I claim it is impossible. Assume the contrary, i.e. you can make a square $k \times k$ using these rectangles for some $k\ge 2$. Obviously, we cannot use rectangles $1\times m$ for $m>k$. So we can only use rectangles of the form $1\times l$ for $l\le k$. However, the number of "tiles" we can fill using some (possibly all) rectangles of the form $1\times l$ for $l\le k$ is at most $1+2+\dots+k=\frac{k(k+1)}{2}.$ However, we want these rectangles to fill up a square $k\times k$, i.e. $k^2$ "tiles". Thus, we must have $$1+2+\dots+k=\frac{k(k+1)}{2}\ge k^2 \iff 1\ge k,$$which is impossible. Hence, we cannot construct a square with side length greater than $1$.

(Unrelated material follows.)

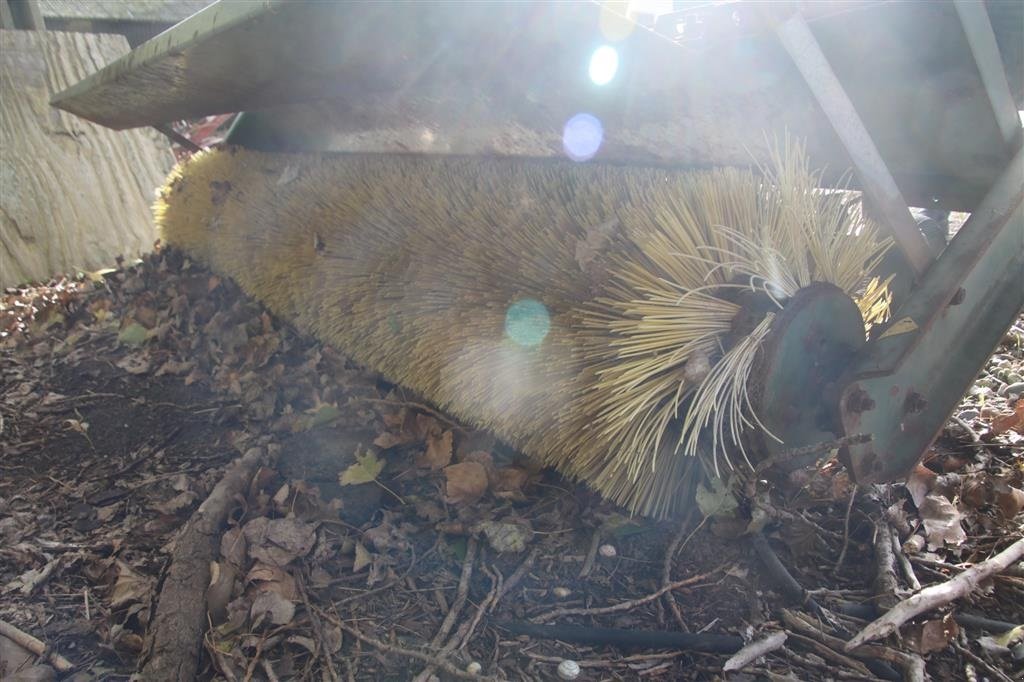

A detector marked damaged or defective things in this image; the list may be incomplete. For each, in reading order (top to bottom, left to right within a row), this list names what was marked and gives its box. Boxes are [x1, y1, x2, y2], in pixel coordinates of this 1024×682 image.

rusty bolt [843, 385, 876, 411]
rusty bolt [905, 391, 929, 411]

We assume that there is a solution on posoitive integer $T>1$ we see that 1-we can't put an rectangle with lenght $T+x$ in the square 2-the sum of areas in rectangles that is length is less or equal to $T$ is $1*1+2*1+\dots +1*T=1+2+\dots +T=\cfrac {T(T+1)}{2}$ from assuming we get than the area of square is less or equal to the sum of areas $\implies \cfrac {T(T+1)}{2} \ge T^2 \implies 1 \ge T$ wrong from asumming so there is no solution

A $k\times k$ square can only fit rectangles equal or smaller to a $1\times k$ but this is insufficient to cover the area.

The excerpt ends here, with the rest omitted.